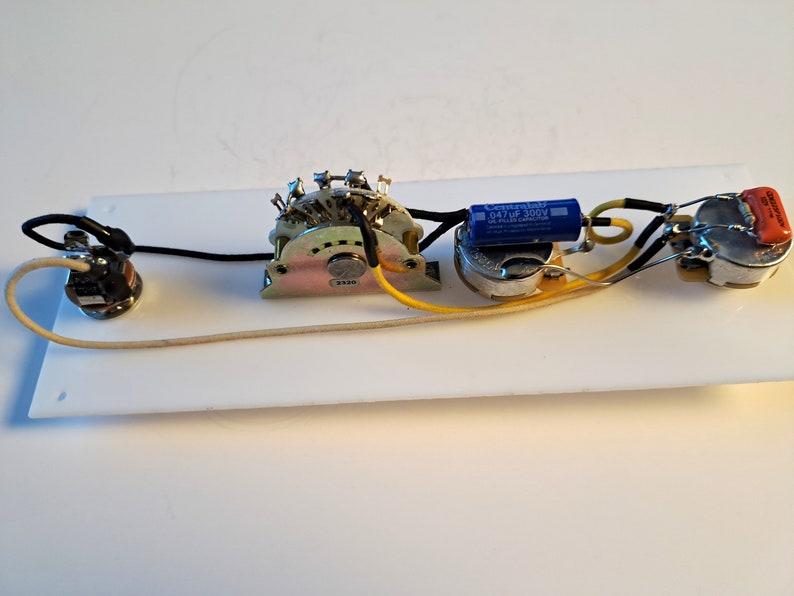 May include: A white rectangular guitar control plate with various electronic components. These include a multi-position switch, potentiometers, capacitors, and wiring. The components are connected with black, yellow, and cream-colored wires.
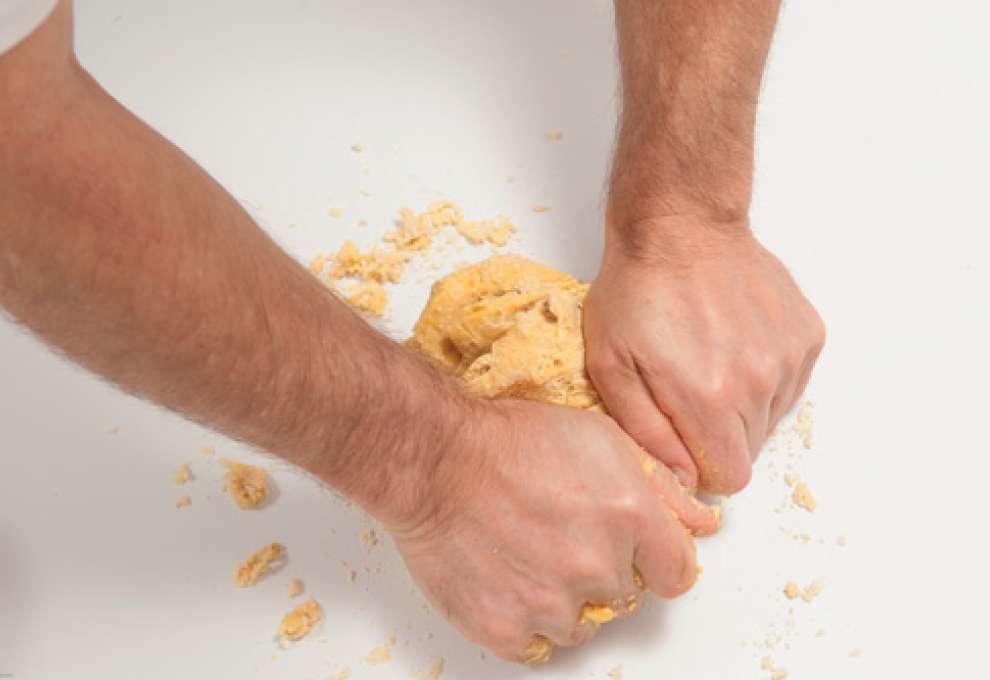 Nudelteig wird mit Händen auf Arbeitsfläche geknetet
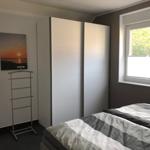 Schlafzimmer mit Bett, Kleiderkabinen und Fenster mit Blick auf Bäume.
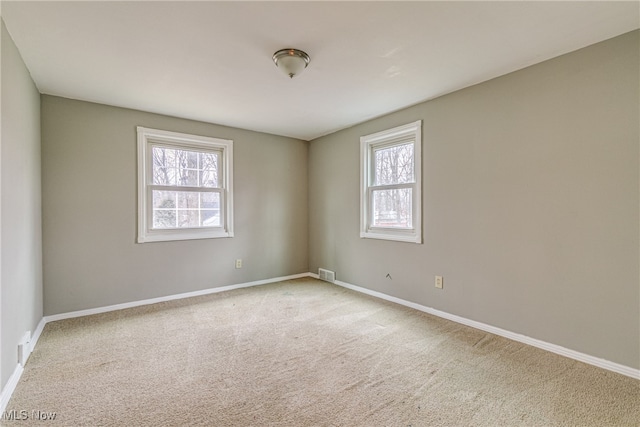 carpeted spare room with a healthy amount of sunlight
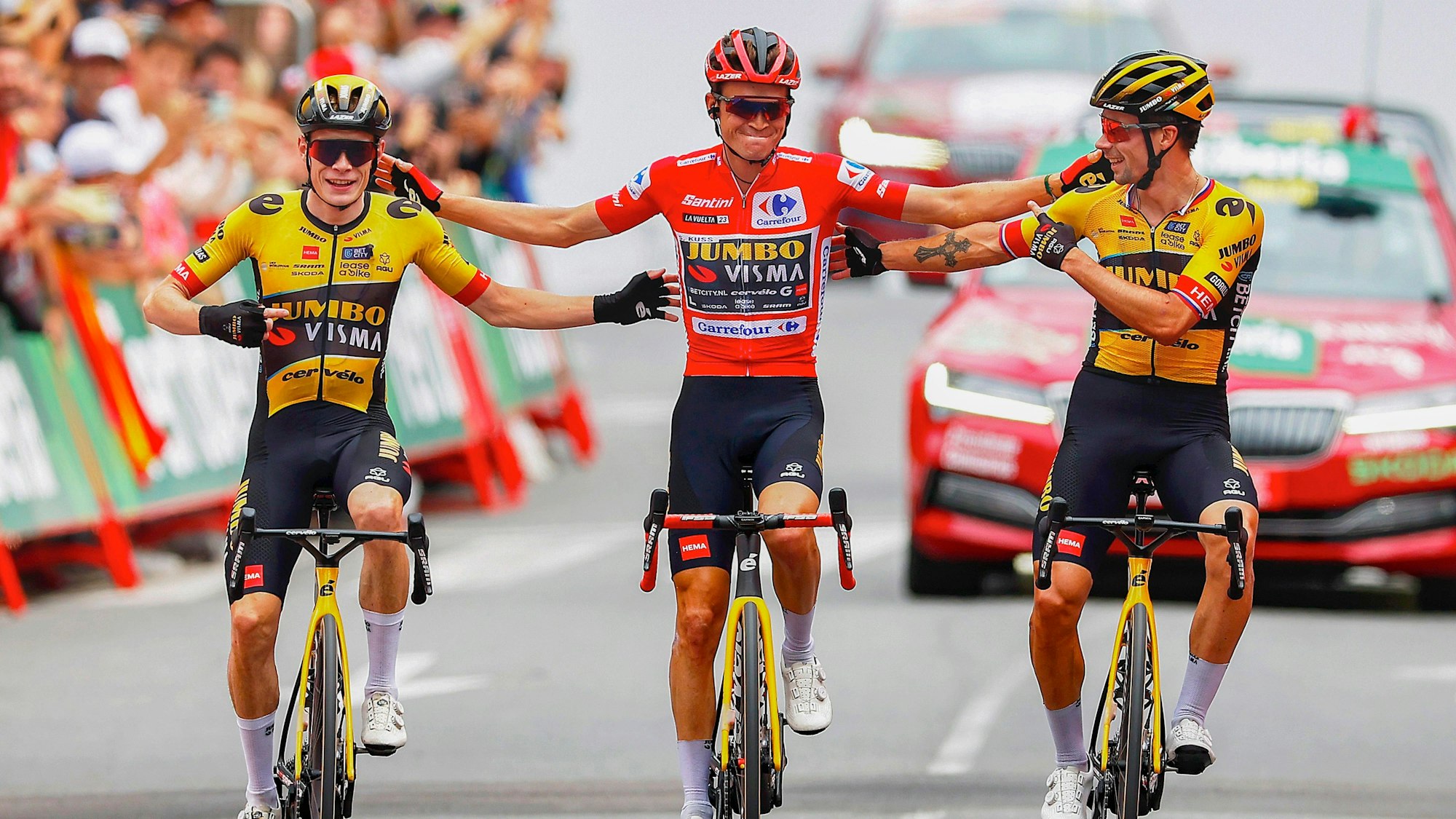 Jonas Vingegaard (links) und Primoz Roglic (rechts) nehmen den Vuelta-Sieger Sepp Kuss in ihre Mitte. Alle drei Profis fahren für Jumbo-Visma.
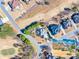 A birds eye view of a home nestled within a community and next to the neighborhood golf course at 955 Golf View Ct, Dacula, GA 30019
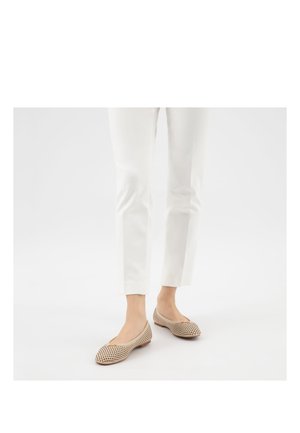 Person trägt weiße Hose und beige perforierte Ballerinas mit kleinem Schleifchen, steht vor weißem Hintergrund.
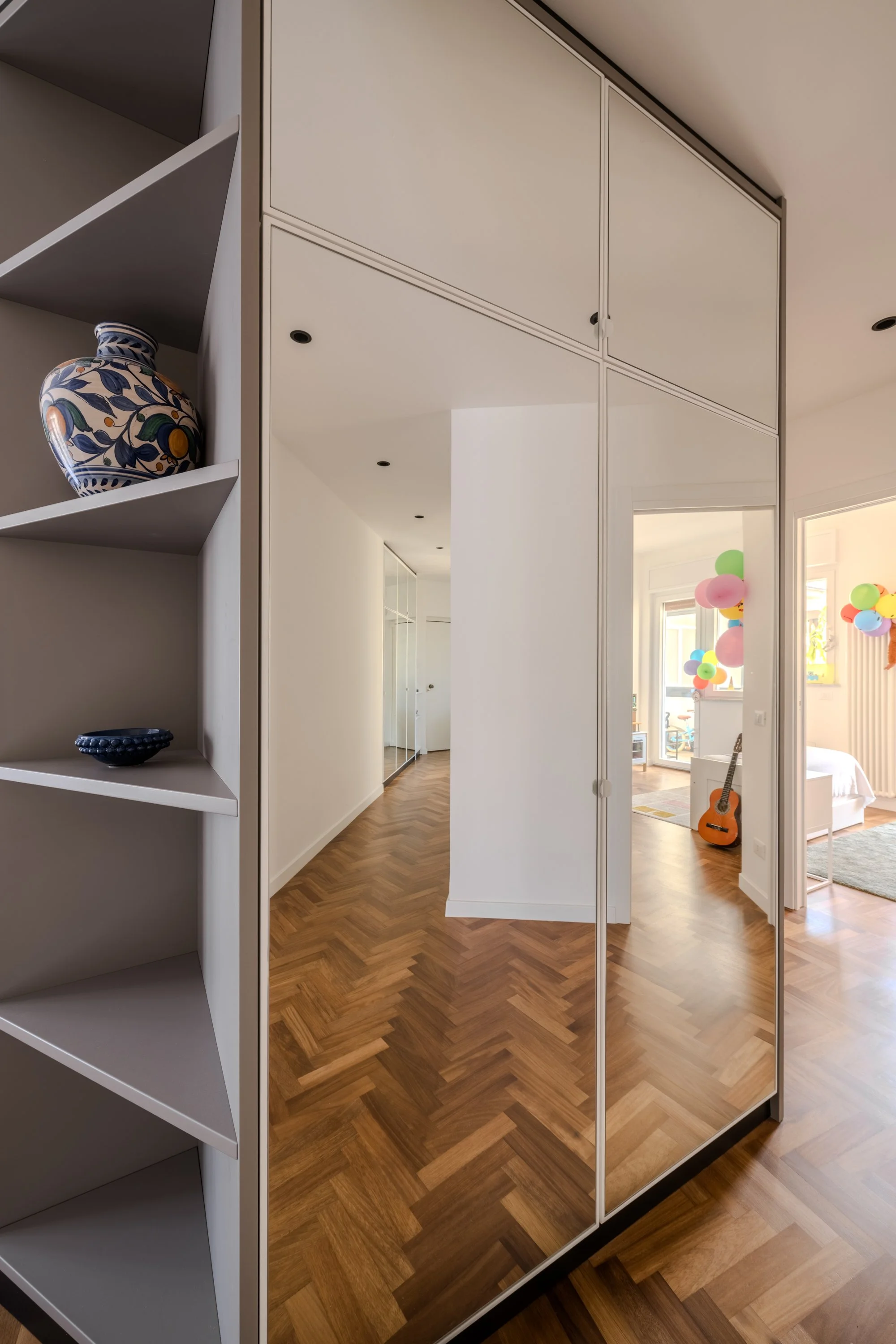 Armadiatura specchiata con libreria integrata nel disimpegno, superfici riflettenti e parquet in iroko a spina.
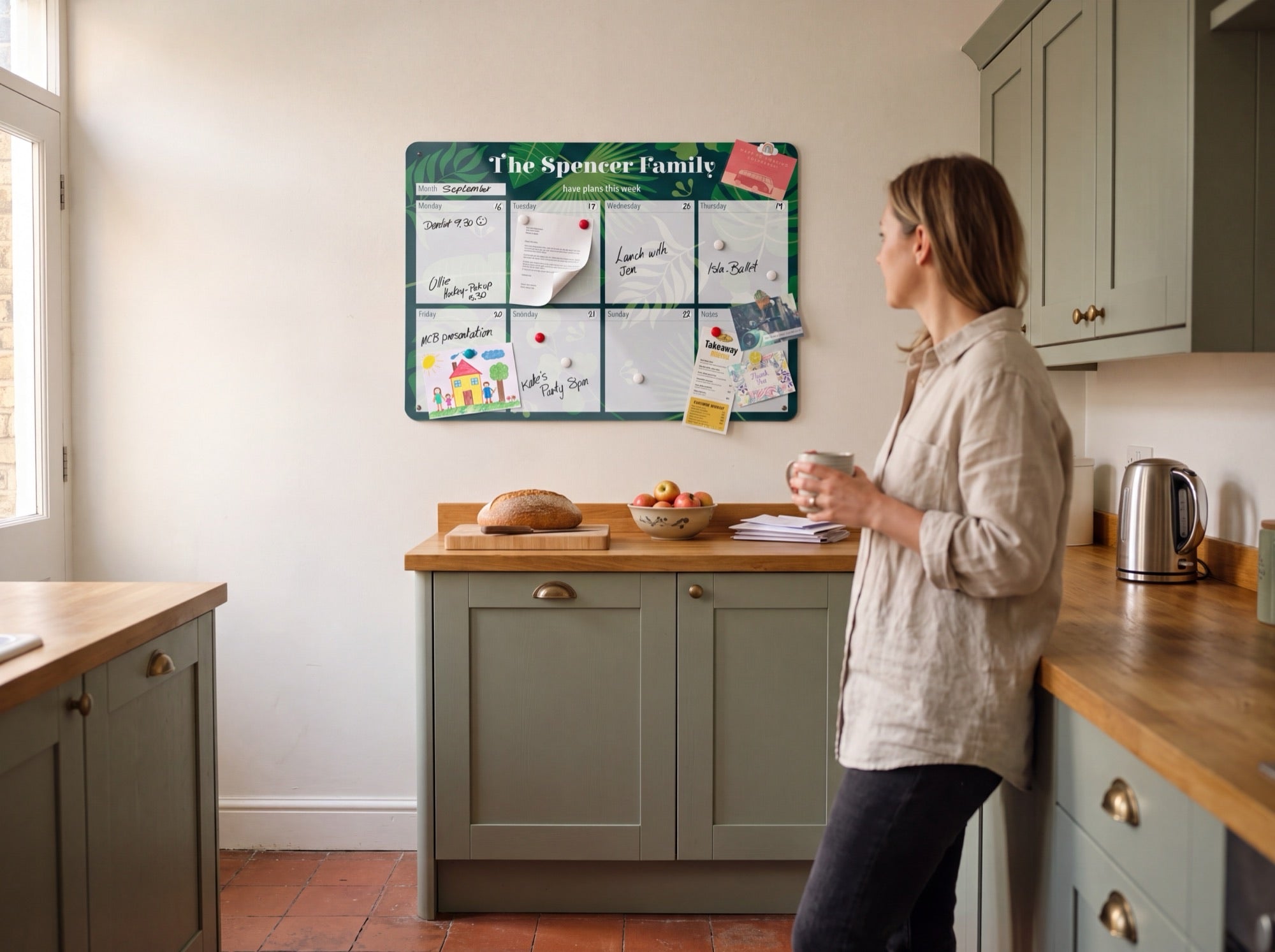 A personalised weekly planner on a kitchen wall
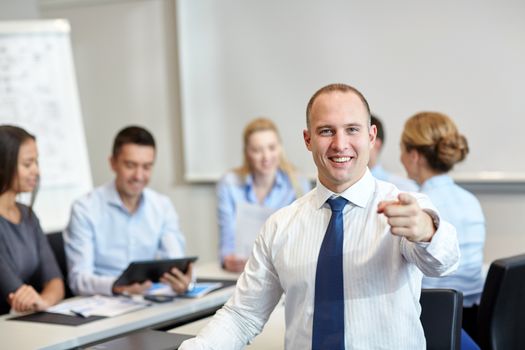 business, people, gesture and teamwork concept - smiling businessman pointing finger to you with group of businesspeople meeting in office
--- --- ---
- [Exercise aim]:
Leave the pictures out. Transcribe exactly the lines from the one with "carpeted spare room" through the end of the records.

- [Output for this exercise]:
 carpeted spare room with a healthy amount of sunlight
 Jonas Vingegaard (links) und Primoz Roglic (rechts) nehmen den Vuelta-Sieger Sepp Kuss in ihre Mitte. Alle drei Profis fahren für Jumbo-Visma.
 A birds eye view of a home nestled within a community and next to the neighborhood golf course at 955 Golf View Ct, Dacula, GA 30019
 Person trägt weiße Hose und beige perforierte Ballerinas mit kleinem Schleifchen, steht vor weißem Hintergrund.
 Armadiatura specchiata con libreria integrata nel disimpegno, superfici riflettenti e parquet in iroko a spina.
 A personalised weekly planner on a kitchen wall
 business, people, gesture and teamwork concept - smiling businessman pointing finger to you with group of businesspeople meeting in office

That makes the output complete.